Work order: In the entries below, the lines from the one with "White House Tweets" through the one with "Looking for replacement" are to be copied exactly; both ends count.

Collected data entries
* * *

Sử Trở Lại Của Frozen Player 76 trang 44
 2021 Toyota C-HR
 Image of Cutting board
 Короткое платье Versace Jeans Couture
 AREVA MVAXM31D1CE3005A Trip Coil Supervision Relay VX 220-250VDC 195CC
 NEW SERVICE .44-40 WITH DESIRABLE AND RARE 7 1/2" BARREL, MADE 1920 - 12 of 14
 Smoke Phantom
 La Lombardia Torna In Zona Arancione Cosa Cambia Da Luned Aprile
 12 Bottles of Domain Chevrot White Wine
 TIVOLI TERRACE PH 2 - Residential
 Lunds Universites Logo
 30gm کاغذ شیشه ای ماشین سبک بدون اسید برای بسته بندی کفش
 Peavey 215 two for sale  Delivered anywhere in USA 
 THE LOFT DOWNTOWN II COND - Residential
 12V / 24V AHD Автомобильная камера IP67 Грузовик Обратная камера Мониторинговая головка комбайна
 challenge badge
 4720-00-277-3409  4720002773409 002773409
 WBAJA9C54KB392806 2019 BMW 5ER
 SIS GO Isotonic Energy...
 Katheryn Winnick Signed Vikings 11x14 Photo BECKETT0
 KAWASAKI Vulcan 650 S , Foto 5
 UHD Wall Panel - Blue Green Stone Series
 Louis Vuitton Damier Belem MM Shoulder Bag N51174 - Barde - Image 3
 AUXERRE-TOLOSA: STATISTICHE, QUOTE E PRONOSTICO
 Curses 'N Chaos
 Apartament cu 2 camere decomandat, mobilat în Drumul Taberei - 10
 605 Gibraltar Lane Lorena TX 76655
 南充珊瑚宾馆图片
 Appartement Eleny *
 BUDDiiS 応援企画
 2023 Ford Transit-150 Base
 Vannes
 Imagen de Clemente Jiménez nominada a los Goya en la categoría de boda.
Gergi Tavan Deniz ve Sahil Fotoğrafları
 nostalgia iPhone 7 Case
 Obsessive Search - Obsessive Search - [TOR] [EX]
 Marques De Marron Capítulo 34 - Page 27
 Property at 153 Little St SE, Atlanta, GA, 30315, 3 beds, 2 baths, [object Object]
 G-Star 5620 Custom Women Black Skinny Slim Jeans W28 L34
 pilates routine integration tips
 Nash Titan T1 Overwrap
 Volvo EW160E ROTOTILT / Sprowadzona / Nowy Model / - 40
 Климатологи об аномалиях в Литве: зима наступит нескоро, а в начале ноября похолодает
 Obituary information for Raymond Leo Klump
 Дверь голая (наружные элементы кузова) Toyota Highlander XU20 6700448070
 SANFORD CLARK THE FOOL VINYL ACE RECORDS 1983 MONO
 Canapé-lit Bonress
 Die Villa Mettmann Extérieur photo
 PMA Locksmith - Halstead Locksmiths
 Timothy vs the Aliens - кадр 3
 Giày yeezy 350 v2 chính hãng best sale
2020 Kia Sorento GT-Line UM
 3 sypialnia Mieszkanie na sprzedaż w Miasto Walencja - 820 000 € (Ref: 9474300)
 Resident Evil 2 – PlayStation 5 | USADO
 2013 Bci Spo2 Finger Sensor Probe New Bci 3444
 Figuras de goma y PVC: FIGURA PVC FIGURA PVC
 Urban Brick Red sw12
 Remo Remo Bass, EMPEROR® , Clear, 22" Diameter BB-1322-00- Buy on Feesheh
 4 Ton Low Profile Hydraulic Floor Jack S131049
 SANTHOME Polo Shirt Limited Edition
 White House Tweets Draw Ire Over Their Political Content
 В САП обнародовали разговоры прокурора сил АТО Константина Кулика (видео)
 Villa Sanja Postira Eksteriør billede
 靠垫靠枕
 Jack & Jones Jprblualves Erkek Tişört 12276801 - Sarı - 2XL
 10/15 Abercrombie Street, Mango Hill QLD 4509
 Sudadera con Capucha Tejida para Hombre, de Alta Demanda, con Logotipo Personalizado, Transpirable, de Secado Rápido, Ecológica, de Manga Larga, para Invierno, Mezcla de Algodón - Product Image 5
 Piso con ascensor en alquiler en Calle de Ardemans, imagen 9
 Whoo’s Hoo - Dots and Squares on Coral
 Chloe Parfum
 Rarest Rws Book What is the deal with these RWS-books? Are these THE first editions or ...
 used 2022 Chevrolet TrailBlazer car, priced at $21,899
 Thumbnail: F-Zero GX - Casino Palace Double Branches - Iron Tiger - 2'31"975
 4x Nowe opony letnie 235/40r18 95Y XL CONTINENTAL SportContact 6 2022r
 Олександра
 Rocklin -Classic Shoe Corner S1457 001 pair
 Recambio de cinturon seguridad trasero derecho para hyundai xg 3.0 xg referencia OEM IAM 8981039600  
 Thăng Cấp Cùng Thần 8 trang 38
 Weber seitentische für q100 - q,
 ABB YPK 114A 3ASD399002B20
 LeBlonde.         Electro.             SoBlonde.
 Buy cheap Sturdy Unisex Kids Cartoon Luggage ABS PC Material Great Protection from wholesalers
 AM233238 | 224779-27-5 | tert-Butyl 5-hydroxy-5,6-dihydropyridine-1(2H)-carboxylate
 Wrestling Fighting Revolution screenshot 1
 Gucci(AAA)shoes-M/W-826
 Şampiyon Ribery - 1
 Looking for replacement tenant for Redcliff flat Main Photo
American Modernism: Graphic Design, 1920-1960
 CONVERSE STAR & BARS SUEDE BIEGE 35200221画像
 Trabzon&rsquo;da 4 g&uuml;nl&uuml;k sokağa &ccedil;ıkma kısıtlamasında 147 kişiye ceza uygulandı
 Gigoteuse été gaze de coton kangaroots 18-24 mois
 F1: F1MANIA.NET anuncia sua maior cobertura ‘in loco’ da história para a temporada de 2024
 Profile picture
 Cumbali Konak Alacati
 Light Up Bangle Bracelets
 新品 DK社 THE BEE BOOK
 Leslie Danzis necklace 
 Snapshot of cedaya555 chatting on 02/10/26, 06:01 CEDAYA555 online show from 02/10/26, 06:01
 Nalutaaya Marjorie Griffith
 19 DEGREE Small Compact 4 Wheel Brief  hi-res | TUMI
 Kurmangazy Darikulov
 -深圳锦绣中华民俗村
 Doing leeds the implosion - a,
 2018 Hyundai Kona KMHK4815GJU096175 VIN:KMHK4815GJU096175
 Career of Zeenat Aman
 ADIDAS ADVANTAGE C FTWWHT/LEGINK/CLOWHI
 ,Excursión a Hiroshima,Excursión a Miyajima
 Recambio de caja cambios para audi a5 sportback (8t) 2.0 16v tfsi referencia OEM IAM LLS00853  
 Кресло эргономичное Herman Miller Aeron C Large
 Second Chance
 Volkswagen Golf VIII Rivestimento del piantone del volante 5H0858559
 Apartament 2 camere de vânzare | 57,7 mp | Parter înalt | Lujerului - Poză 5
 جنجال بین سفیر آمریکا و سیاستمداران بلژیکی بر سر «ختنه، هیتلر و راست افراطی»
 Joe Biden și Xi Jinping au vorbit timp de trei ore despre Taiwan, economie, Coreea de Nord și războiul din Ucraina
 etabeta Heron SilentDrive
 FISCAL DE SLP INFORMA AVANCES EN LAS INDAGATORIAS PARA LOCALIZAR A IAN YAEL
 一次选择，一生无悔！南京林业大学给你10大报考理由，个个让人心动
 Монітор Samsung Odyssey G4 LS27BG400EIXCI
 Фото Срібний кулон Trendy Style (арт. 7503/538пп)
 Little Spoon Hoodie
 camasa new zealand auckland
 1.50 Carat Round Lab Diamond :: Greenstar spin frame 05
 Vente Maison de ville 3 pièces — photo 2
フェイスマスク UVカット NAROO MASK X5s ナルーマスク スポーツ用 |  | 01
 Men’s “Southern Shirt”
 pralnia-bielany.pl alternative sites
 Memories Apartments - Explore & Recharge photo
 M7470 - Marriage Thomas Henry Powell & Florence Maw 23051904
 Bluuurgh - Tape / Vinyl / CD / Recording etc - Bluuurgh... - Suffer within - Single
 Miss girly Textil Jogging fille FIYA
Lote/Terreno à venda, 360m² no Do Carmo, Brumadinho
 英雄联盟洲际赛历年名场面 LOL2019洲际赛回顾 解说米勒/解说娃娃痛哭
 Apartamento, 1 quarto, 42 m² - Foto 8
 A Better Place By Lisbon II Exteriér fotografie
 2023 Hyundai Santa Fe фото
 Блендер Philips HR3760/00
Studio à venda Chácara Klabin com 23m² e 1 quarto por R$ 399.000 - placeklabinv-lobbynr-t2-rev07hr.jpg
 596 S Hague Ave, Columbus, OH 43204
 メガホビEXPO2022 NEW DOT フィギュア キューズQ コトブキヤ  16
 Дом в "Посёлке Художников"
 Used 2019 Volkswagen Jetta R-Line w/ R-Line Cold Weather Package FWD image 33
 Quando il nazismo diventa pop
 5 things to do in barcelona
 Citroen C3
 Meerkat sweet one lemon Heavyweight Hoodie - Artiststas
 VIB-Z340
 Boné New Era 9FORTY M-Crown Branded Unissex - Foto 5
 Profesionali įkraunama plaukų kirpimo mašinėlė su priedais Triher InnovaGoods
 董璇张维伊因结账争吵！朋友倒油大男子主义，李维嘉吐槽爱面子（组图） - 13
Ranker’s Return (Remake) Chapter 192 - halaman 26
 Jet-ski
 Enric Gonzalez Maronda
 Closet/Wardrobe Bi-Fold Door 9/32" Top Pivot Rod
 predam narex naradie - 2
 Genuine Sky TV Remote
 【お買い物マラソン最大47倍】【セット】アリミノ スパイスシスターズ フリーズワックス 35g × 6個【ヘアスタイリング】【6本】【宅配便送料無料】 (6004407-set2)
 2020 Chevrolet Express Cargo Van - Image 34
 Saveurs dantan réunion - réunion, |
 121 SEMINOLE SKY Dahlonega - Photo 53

* * *

Worked solution:
 White House Tweets Draw Ire Over Their Political Content
 В САП обнародовали разговоры прокурора сил АТО Константина Кулика (видео)
 Villa Sanja Postira Eksteriør billede
 靠垫靠枕
 Jack & Jones Jprblualves Erkek Tişört 12276801 - Sarı - 2XL
 10/15 Abercrombie Street, Mango Hill QLD 4509
 Sudadera con Capucha Tejida para Hombre, de Alta Demanda, con Logotipo Personalizado, Transpirable, de Secado Rápido, Ecológica, de Manga Larga, para Invierno, Mezcla de Algodón - Product Image 5
 Piso con ascensor en alquiler en Calle de Ardemans, imagen 9
 Whoo’s Hoo - Dots and Squares on Coral
 Chloe Parfum
 Rarest Rws Book What is the deal with these RWS-books? Are these THE first editions or ...
 used 2022 Chevrolet TrailBlazer car, priced at $21,899
 Thumbnail: F-Zero GX - Casino Palace Double Branches - Iron Tiger - 2'31"975
 4x Nowe opony letnie 235/40r18 95Y XL CONTINENTAL SportContact 6 2022r
 Олександра
 Rocklin -Classic Shoe Corner S1457 001 pair
 Recambio de cinturon seguridad trasero derecho para hyundai xg 3.0 xg referencia OEM IAM 8981039600  
 Thăng Cấp Cùng Thần 8 trang 38
 Weber seitentische für q100 - q,
 ABB YPK 114A 3ASD399002B20
 LeBlonde.         Electro.             SoBlonde.
 Buy cheap Sturdy Unisex Kids Cartoon Luggage ABS PC Material Great Protection from wholesalers
 AM233238 | 224779-27-5 | tert-Butyl 5-hydroxy-5,6-dihydropyridine-1(2H)-carboxylate
 Wrestling Fighting Revolution screenshot 1
 Gucci(AAA)shoes-M/W-826
 Şampiyon Ribery - 1
 Looking for replacement tenant for Redcliff flat Main Photo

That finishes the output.